# Alguien sabe arreglar teclados Yamaha PSR.



## julian sanchez (Mar 29, 2007)

que tal, no se si alguien sepa como reparar teclados yamaha PSR, yo tengo uno pero no lo puedo reparar, no le funsiona ningun boton, se escuchan bien todos los sonidos pero no puedo acceder a ningun parametro, ni a la caja de ritmos, culquier ayuda lo agradeceria gracias.


----------



## Sbalderas (May 17, 2007)

Hola Julian! Yo acabo de ingresar en este foro, es evidente que ya paso un tiempo considerable.
 Pero si aun tienes el problema con tu teclado tal vez pueda ayudarte...........
 Es necesario abrirlo y limpiar por dentro los "carboncitos" que traen las plantillas de los botones.


----------



## tiopepe123 (May 17, 2007)

Si, yo tambien arregle uno, en mi caso era una tecla se le habia metido una miguita de pan.

Consejos:

Antes de desmontar fijate con las alturas de los botones puede haber una "pulsado" eso bloquea el resto al utilizar un metodo matricial. (si es asi vuelve por aqui)

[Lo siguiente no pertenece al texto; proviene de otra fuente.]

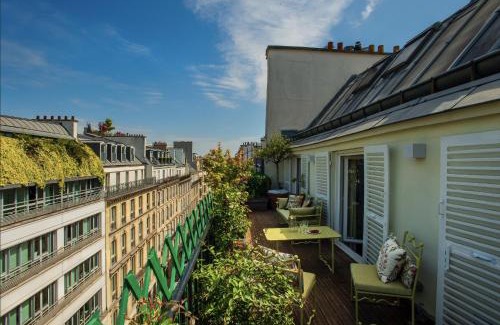 Faubourg-du-Roule Apartment | Luxueux Appartement, avec terrasse vue Champs-Élysées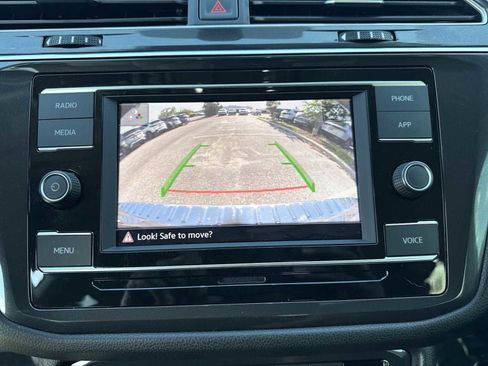Certified 2023 Volkswagen Tiguan S FWD image 34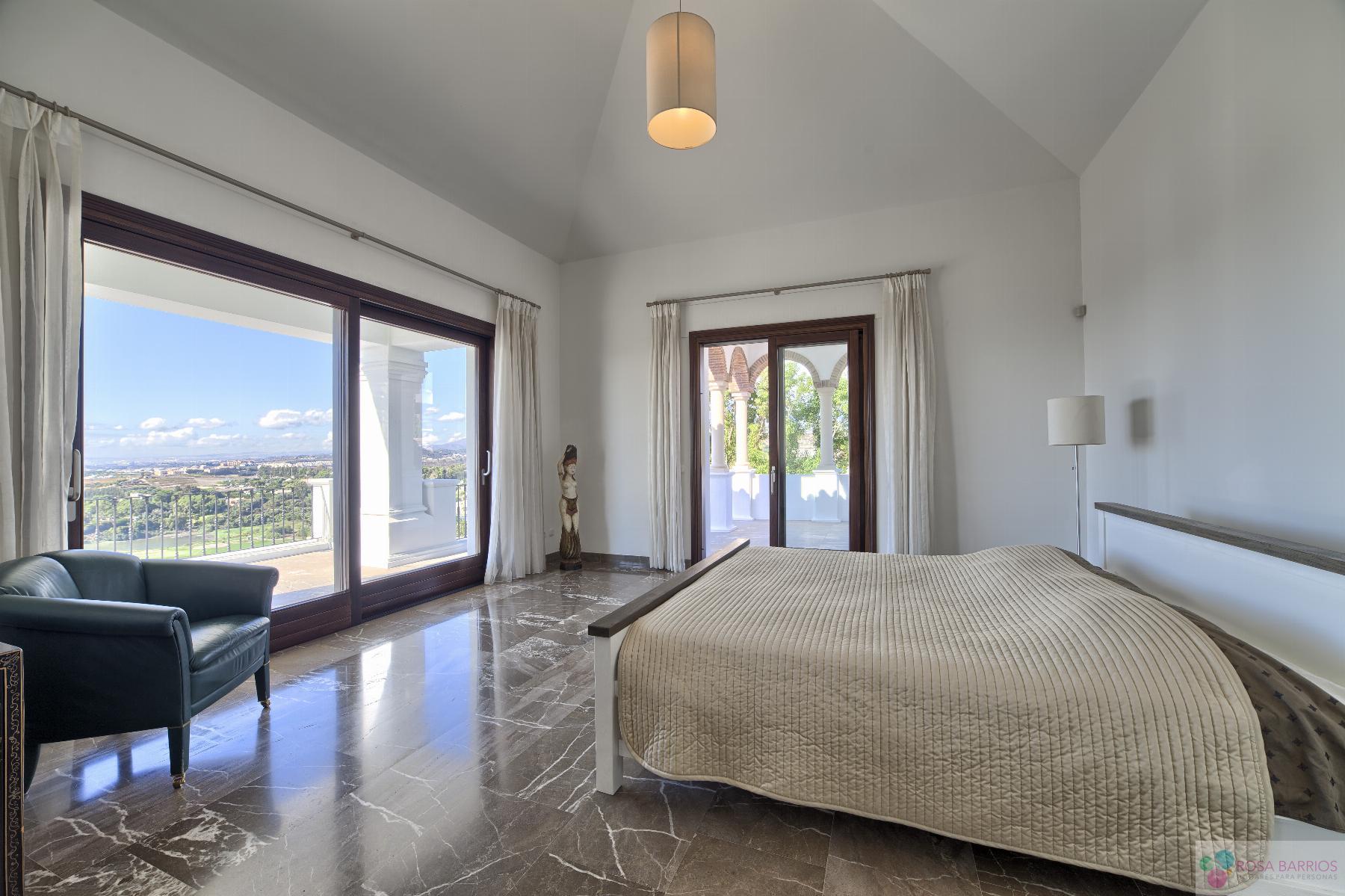 For sale of villa in Benahavís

No utilizar ni disolventes ni alcoholes, solo y exclusivamente agua y jabon, se puede mojar la placa , hasta sumerjirla, no pasa nada ya que los componentes electronicos son estancos.

repasa las pistas de cobre con una lente en busca de grietas microscopicas o utiliza un tester.

Sigue la maxima que lo que la gente pueda tocas esta roto, examina con cuidado las tecla importantes o de mas uso, deben estar a la misma altura, las pistas limpias y sin brietas,grasas o pegamentos.

si no te funciona comentalo.


----------



## julian sanchez (May 18, 2007)

gracias por sus consejos ya hice de todo pero sigo teniendo el mismo problema no funciona ningun boton solo el cursor para cambiar los sonidos cualquier ayuda se agradeceria y nuevamente gracias.


----------



## rdhtv (Jul 29, 2008)

Hola, yo tambien tengo ese problema pero me di cuenta que era el integrado hd64180rp8 que controla tooodo hasta la disketera, el problema fue que se le cayo acido de la pila. ahora estoy buscando este integrado. Si alguien me puede ayudar por favooor. Gracias


----------